Voice Observability for Vapi, Retell, and ElevenLabs; Eval Groups in Experiments; Simulate via SDK
Observability ships for three voice platforms at once. Evaluation groups integrate with experiments and optimization. Call Simulation is now triggerable from the SDK.
What's in this digest
Voice Observability for Vapi, Retell, and ElevenLabs

Voice platforms like Vapi, Retell, and ElevenLabs have made building voice agents radically easier. But observability for voice agents has lagged the text-agent surface by a long way. You could build a sophisticated voice agent and have almost no visibility into how it actually performs in production.
Voice observability now spans all three platforms at once.
What’s new
- Three voice platforms supported at once. Vapi, Retell, and ElevenLabs each get a dedicated adapter that pulls call data into Future AGI as traces (the end-to-end records of how your agent handled each request).
- Call-level metrics (duration, latency, turn count, interruption frequency, silence gaps) on every call.
- Utterance-level analysis. Each agent response in the transcript is a span (an individual step inside a trace) you can run evaluations against.
- Native to the existing trace surface. Voice calls become traces in the same Observe view that holds your text agents, with the same filtering, alerts, and evaluations.
Why it matters
Voice observability used to mean either a platform-specific dashboard per voice provider or no observability at all. All three providers now sit inside one unified view, the same view your text agents already use.
Who it’s for
Teams building voice agents on Vapi, Retell, or ElevenLabs who need production observability at the same level they expect for text. Quality assurance (QA) and MLOps teams running voice agents in production and needing to correlate voice behavior with the rest of the agent stack.
Eval Groups in Experiments and Optimization
Evaluation groups (sets of related evaluations run together) are now wired into experiments and agent optimization, so you can optimize against the group’s combined score directly. Full create / read / update / delete support is in place.
What’s new
- Run eval groups inside experiments. Select a group as the evaluation configuration for an experiment (a run of your prompt or model against a dataset of test cases), and every test case gets scored against every evaluation in the group.
- Optimize against group-level scores.

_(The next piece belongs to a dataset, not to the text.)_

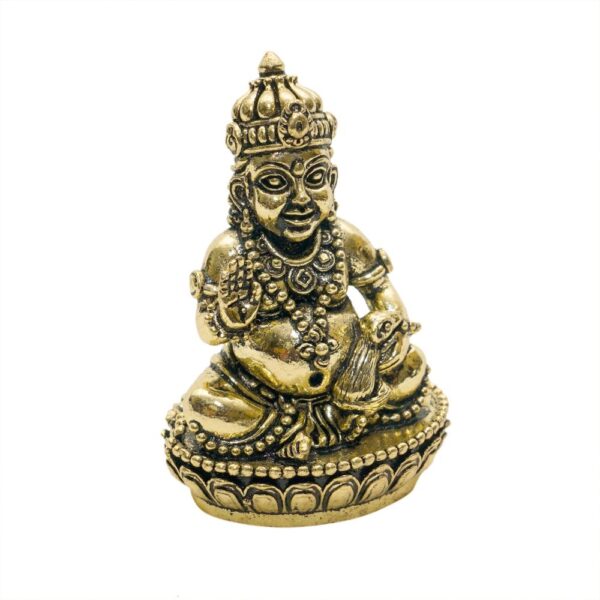 KALARAMBH Brass Kuber 1.8 Inch, 1 Pcs BH10816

Agent and prompt optimization workflows can target a group’s aggregate score instead of a single metric.
- Full create/read/update/delete on groups. Manage your evaluation library programmatically.
- History tracking on every group edit.
Why it matters
Single metrics tell you about one quality dimension. Groups of metrics tell you whether your agent is actually good at its job. Integrating groups with experiments and optimization means “optimize my agent for the behavior I actually care about” instead of “optimize for one proxy score.”
Who it’s for
ML and AI engineers building agent evaluation suites, and product teams optimizing prompts or agents against multi-dimensional quality criteria rather than a single score.
Simulate via SDK
Call Simulation, previously available only from the dashboard, is now programmable.
What’s new
- Trigger simulation runs from code. Against your Vapi- or Retell-backed voice agents, your SDK code can spin up a full simulation on demand.

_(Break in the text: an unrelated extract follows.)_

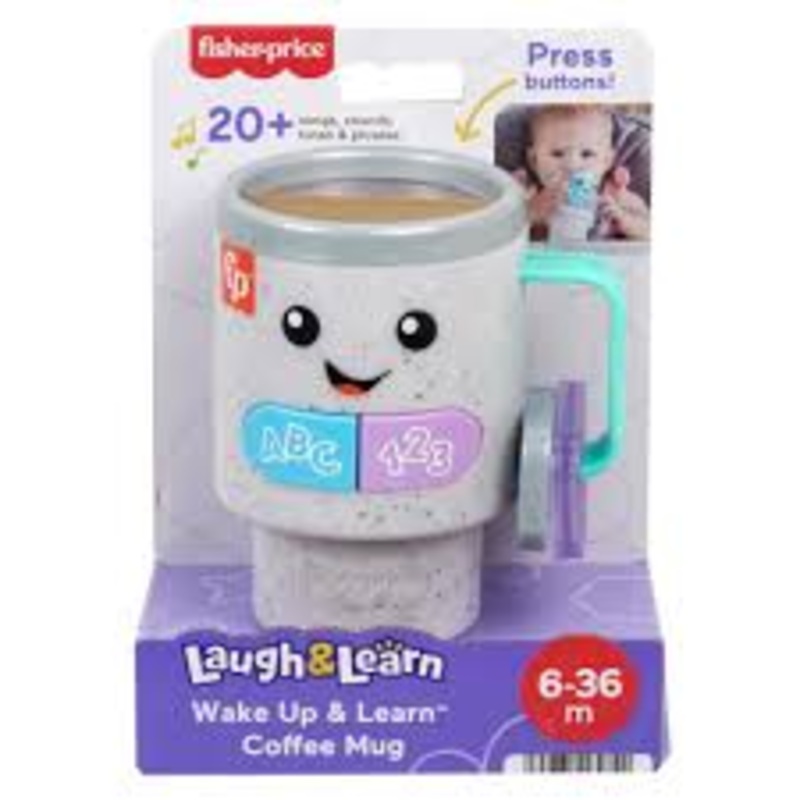 F/P LNL WAKE UP & LEARN COFFEE MUG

- CI/CD-ready. Gate deployments on voice quality metrics. Run nightly regression suites against production agents.
- SDK handles the plumbing. Connection management, audio streaming, and result collection are all abstracted.
Why it matters
Dashboard simulation is great for exploratory work. SDK simulation is what turns voice testing into a real part of the CI/CD pipeline.
Who it’s for
Developers building voice agents on Vapi or Retell, and quality assurance (QA) teams automating regression testing as part of continuous integration pipelines.
Simulation Management Improvements
Selective test rerun. When a 100-scenario suite completes with 8 failures, rerun only those 8, not all 100. Useful when debugging whether a specific fix resolved specific failures.
Auto-refresh and stop controls. The simulation dashboard auto-refreshes as test cases complete. The stop-simulation control lets you halt a running suite when early results already show what you need.
Visual workflow trace. The execution path of each scenario renders as a graph, so you see which branches were tested and which weren’t.
Platform and SDK
Default eval groups. Pre-built groups for retrieval-augmented generation (RAG), computer vision, and conversational AI use cases, so new users have a working starting point.
Workbench revamp. A slide-out code drawer puts the prompt code alongside the run, and the new header keeps the run controls in view without scrolling. Iterating on a prompt stays a one-screen activity.
Agent definition design. Configuration page restructured so prompts, tools, and policies stay grouped as the agent grows. The definition stays easy to navigate once it has more than a handful of nodes.
traceAI session support. The session.id attribute is now built into every traceAI instrumentor, so session-level grouping works automatically without custom instrumentation.